**About this exercise**
In your copy, the records appear word for word and the pictures do not appear at all.

Captioned web image data:
+---+

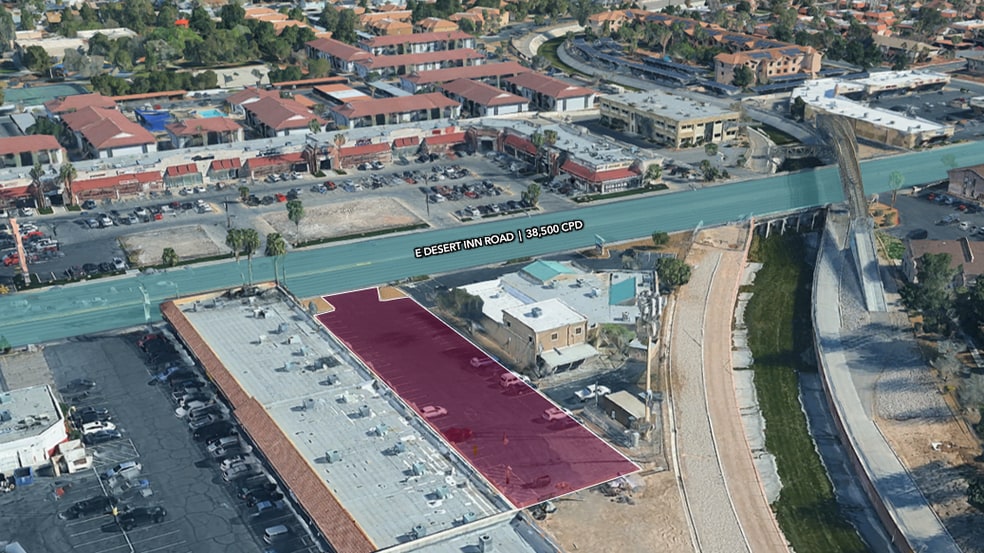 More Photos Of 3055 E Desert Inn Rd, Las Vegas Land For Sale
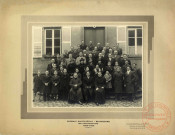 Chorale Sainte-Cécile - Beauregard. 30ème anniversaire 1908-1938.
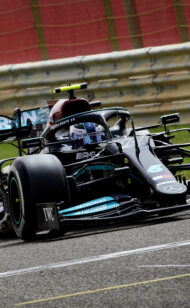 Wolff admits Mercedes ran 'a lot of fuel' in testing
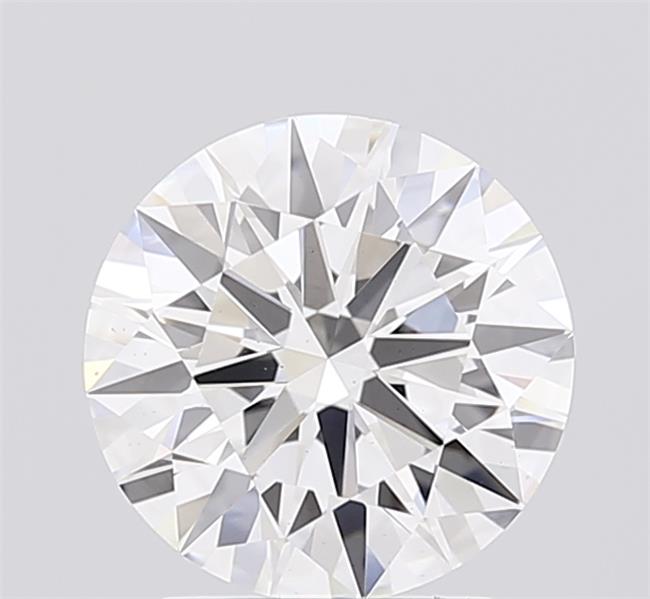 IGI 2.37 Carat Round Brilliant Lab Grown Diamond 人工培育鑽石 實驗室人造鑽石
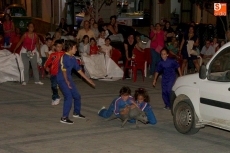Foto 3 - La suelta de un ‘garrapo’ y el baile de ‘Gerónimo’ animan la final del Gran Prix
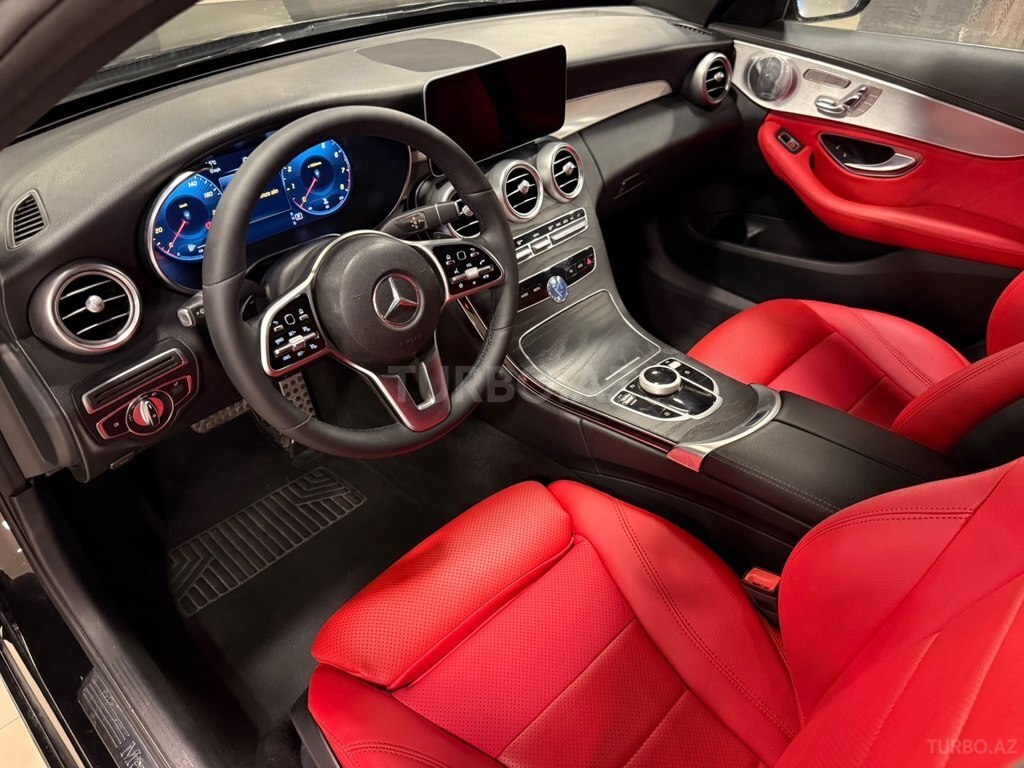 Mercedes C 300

+---+

**Completed task**
 More Photos Of 3055 E Desert Inn Rd, Las Vegas Land For Sale
 Chorale Sainte-Cécile - Beauregard. 30ème anniversaire 1908-1938.
 Wolff admits Mercedes ran 'a lot of fuel' in testing
 IGI 2.37 Carat Round Brilliant Lab Grown Diamond 人工培育鑽石 實驗室人造鑽石
Foto 3 - La suelta de un ‘garrapo’ y el baile de ‘Gerónimo’ animan la final del Gran Prix
 Mercedes C 300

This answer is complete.